▸ **The problem**:
Please return the lines from the one with "写真にはPinrang市にあるHotel O Wisma" through the end of the listing below, word for word, with every picture left out.

▸ **Extracted information**:
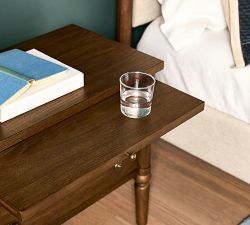 Chris Loves Julia Modern Traditional Nightstand (28")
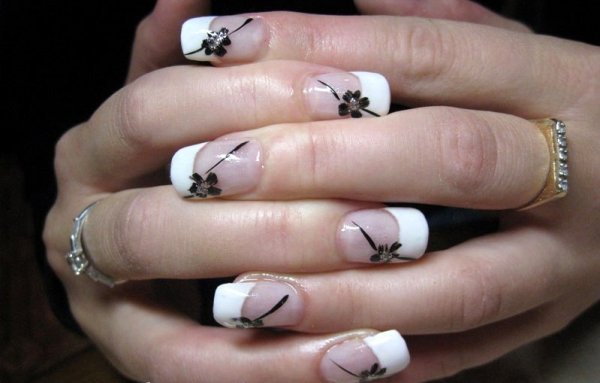 Белый френч с черным рисунком на 1 пальце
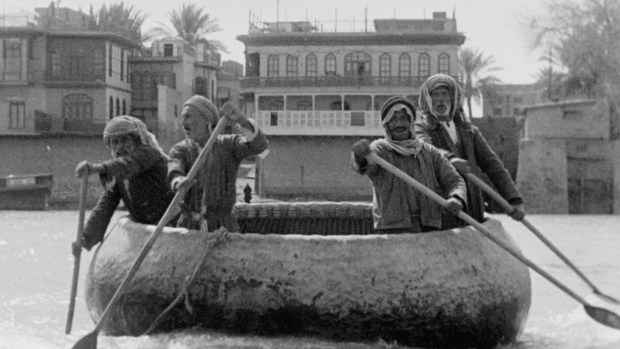 Doğu Kokulu Satırlar: Letters From Baghdad (2016)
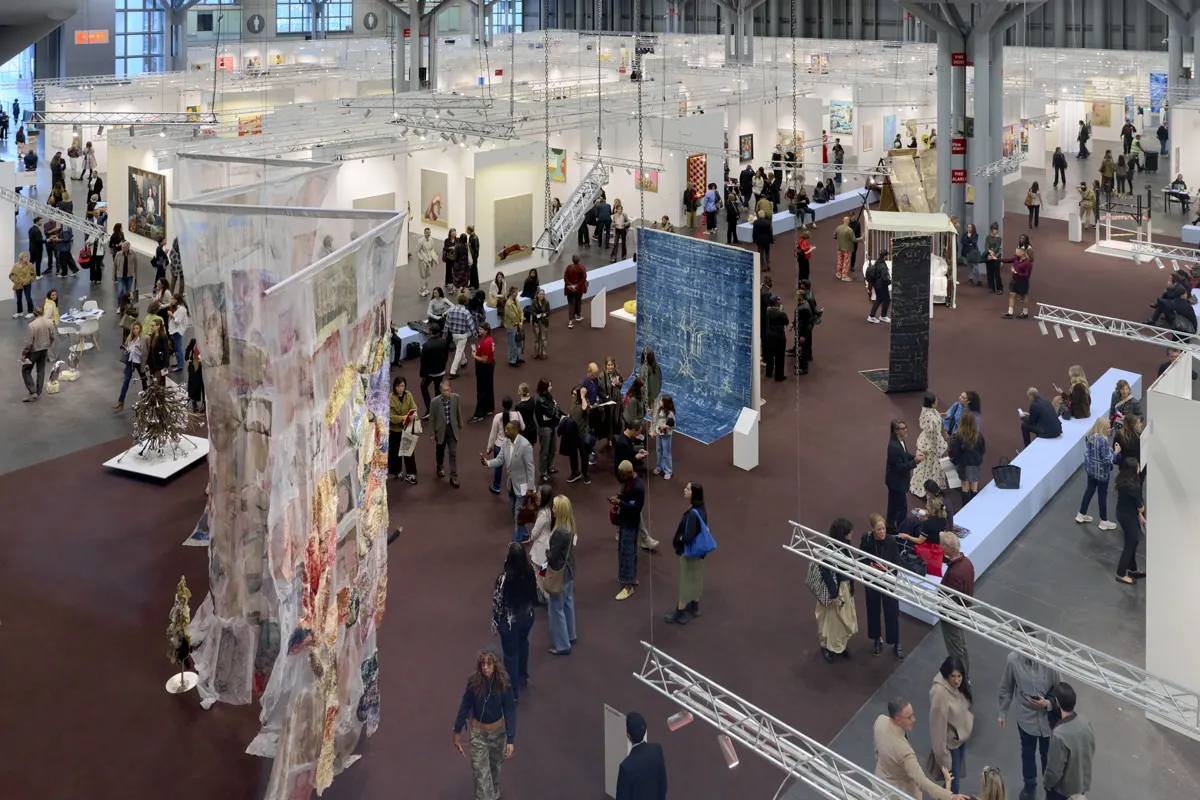 „The Armory Show 2026“ mugės salė Javitso centre Niujorke su galerijų stendais ir lankytojais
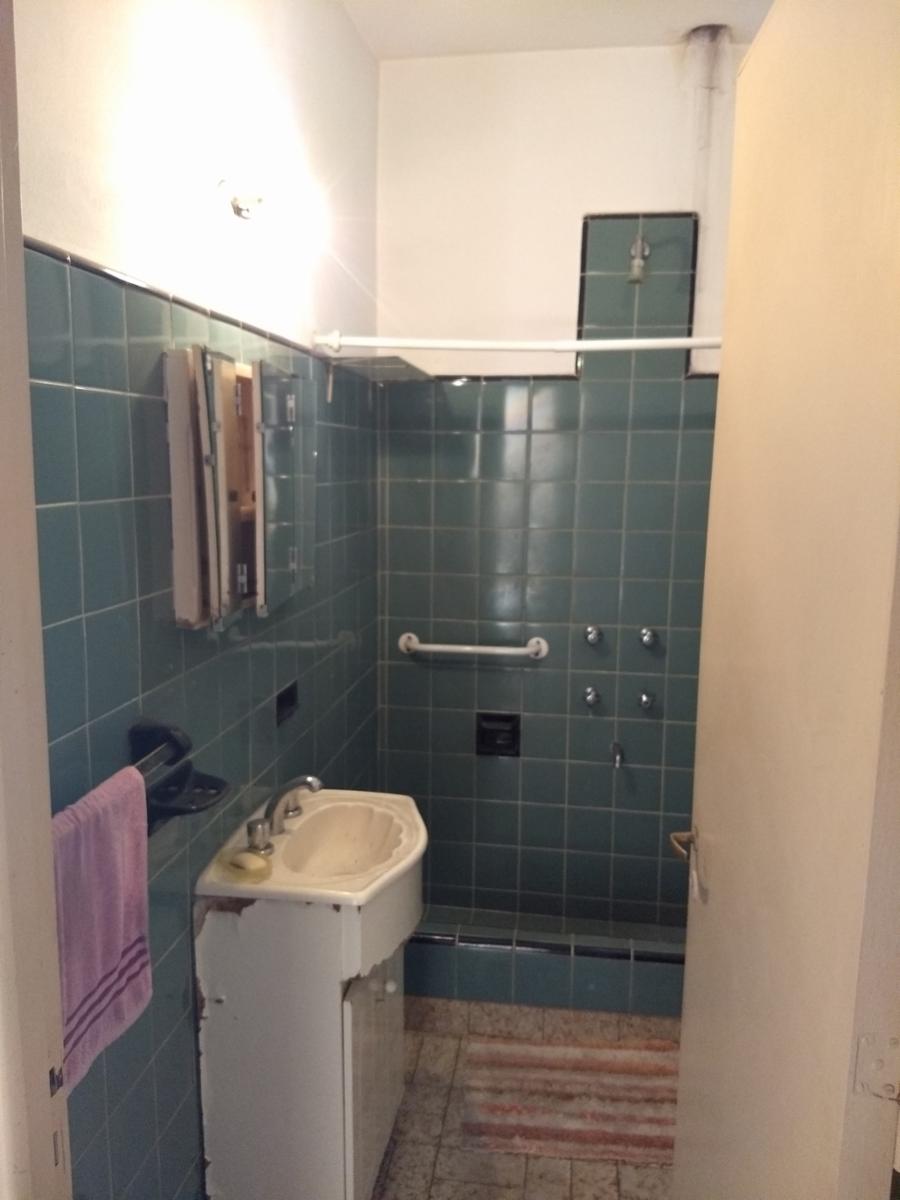 Venta de importante inmueble. Lote de 10 x 35. M2 totales 378. planta baja local grande con departamento de 4 ambientes en la planta alta. — foto 14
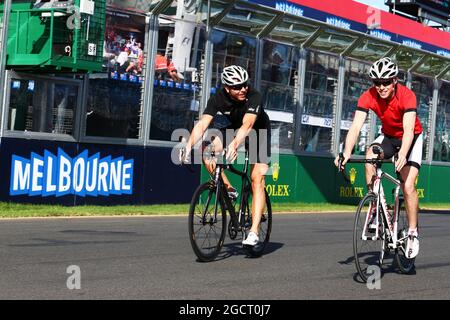 (L bis R): Sir Chris Hoy (GBR) Olympic Track Cycling Champion mit Paul di Resta (GBR) Sahara Force India F1. Großer Preis von Australien, Mittwoch, 13. März 2013. Albert Park, Melbourne, Australien. Stockfoto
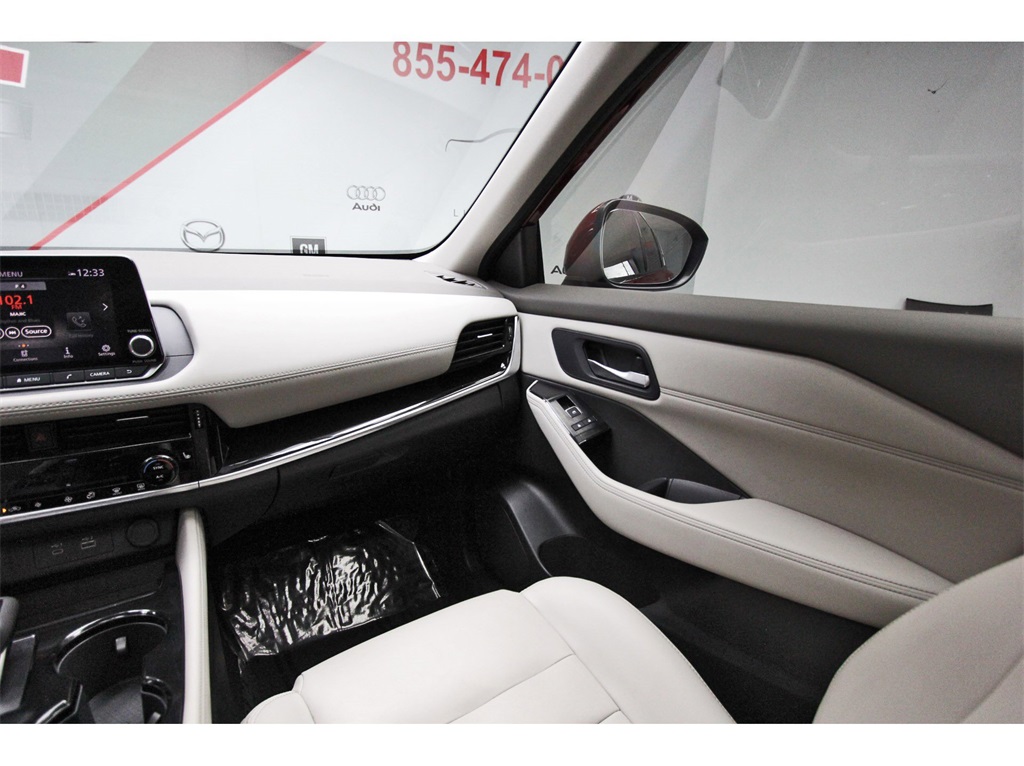 2023 Nissan Rogue SL - 7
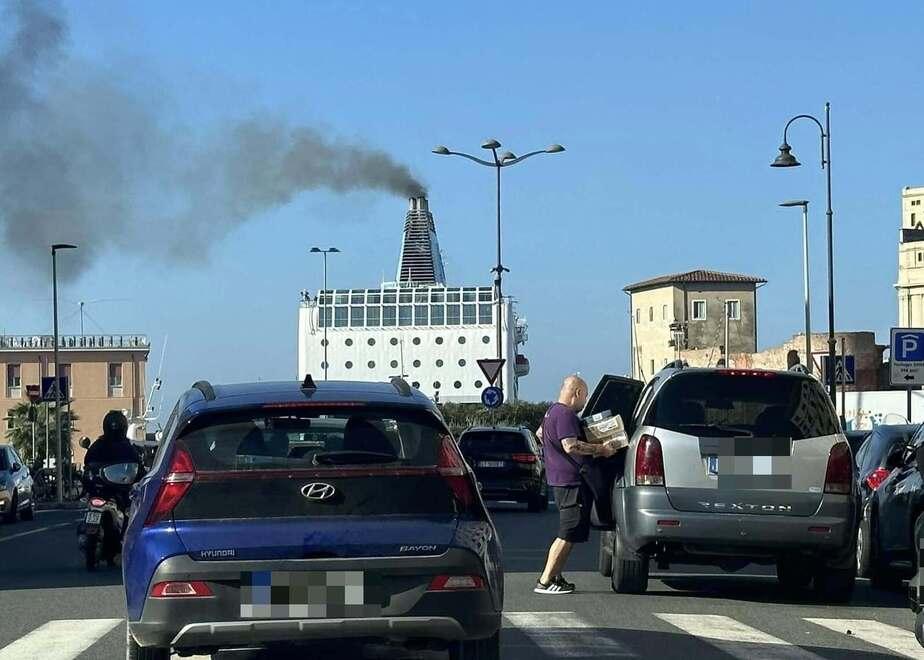 Una nave in partenza dal porto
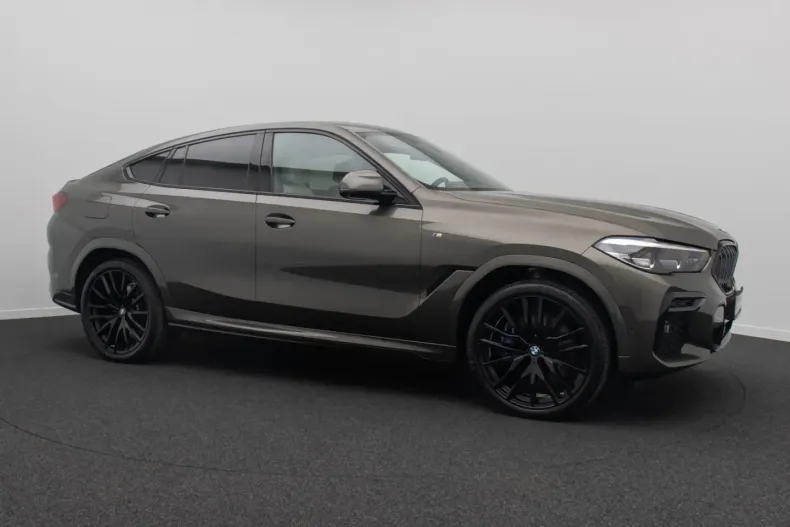 BMW X6 din 2022 cu 41.987 km - oferta BMW174683 - foto 4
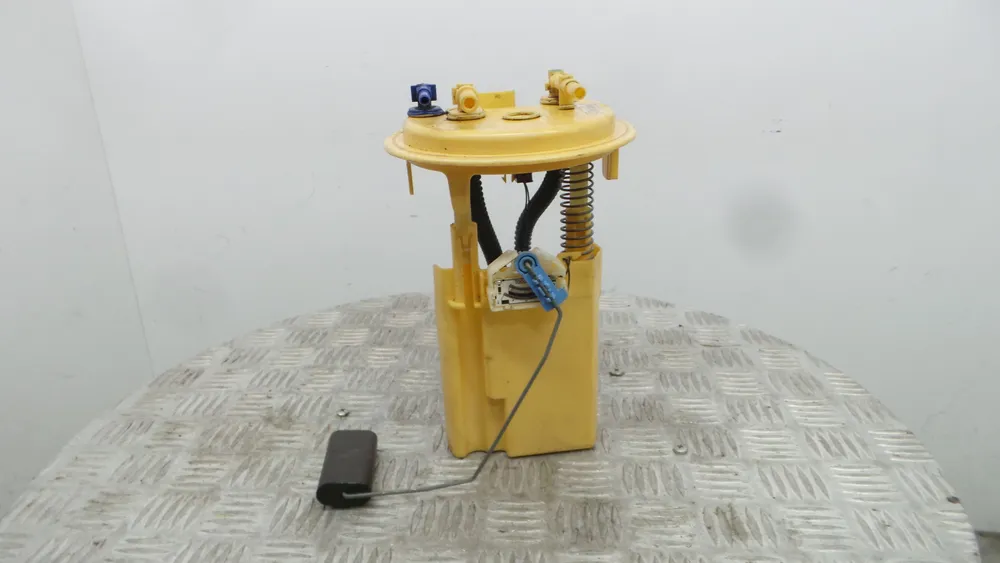 Fuel float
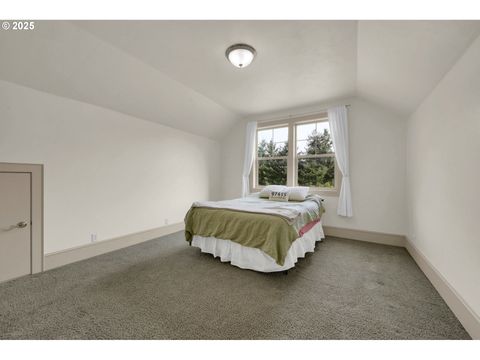 Tiny photo for 84545 Drew Ln, Pleasant Hill, OR 97455 (MLS # 581960191)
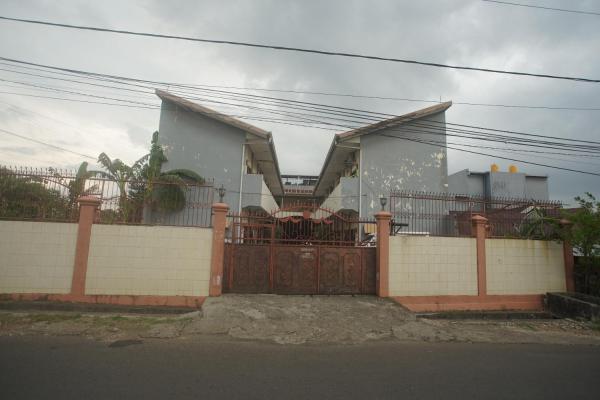写真にはPinrang市にあるHotel O Wisma Bunda Syariah Near Man Pinrangが写っています。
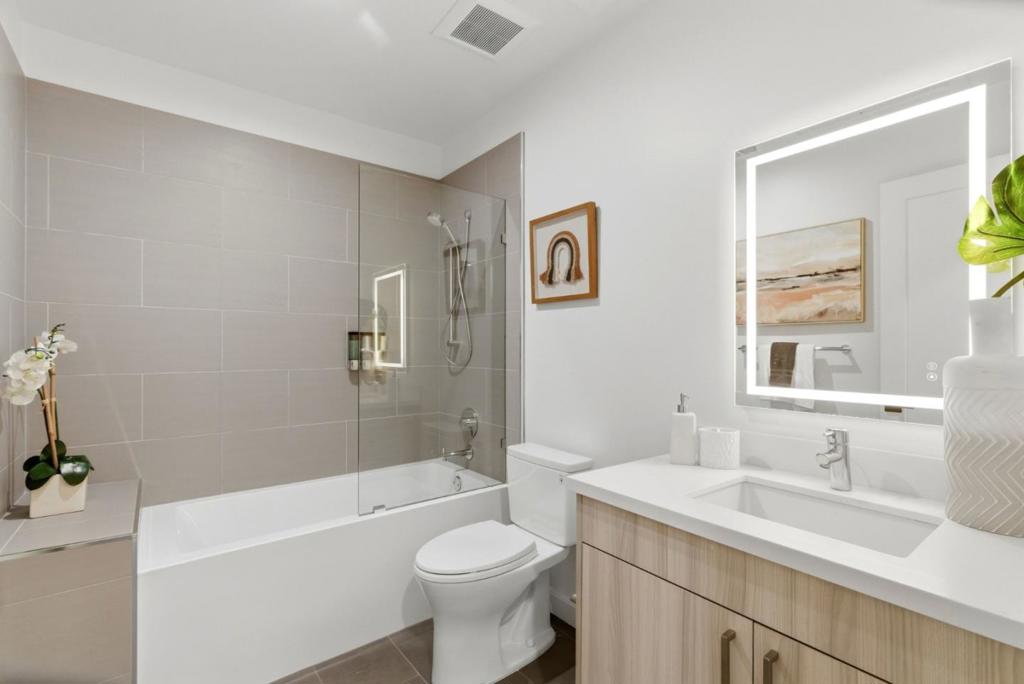 922 Woodside Road Property Photo 7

▸ **Solution to this task**:
写真にはPinrang市にあるHotel O Wisma Bunda Syariah Near Man Pinrangが写っています。
 922 Woodside Road Property Photo 7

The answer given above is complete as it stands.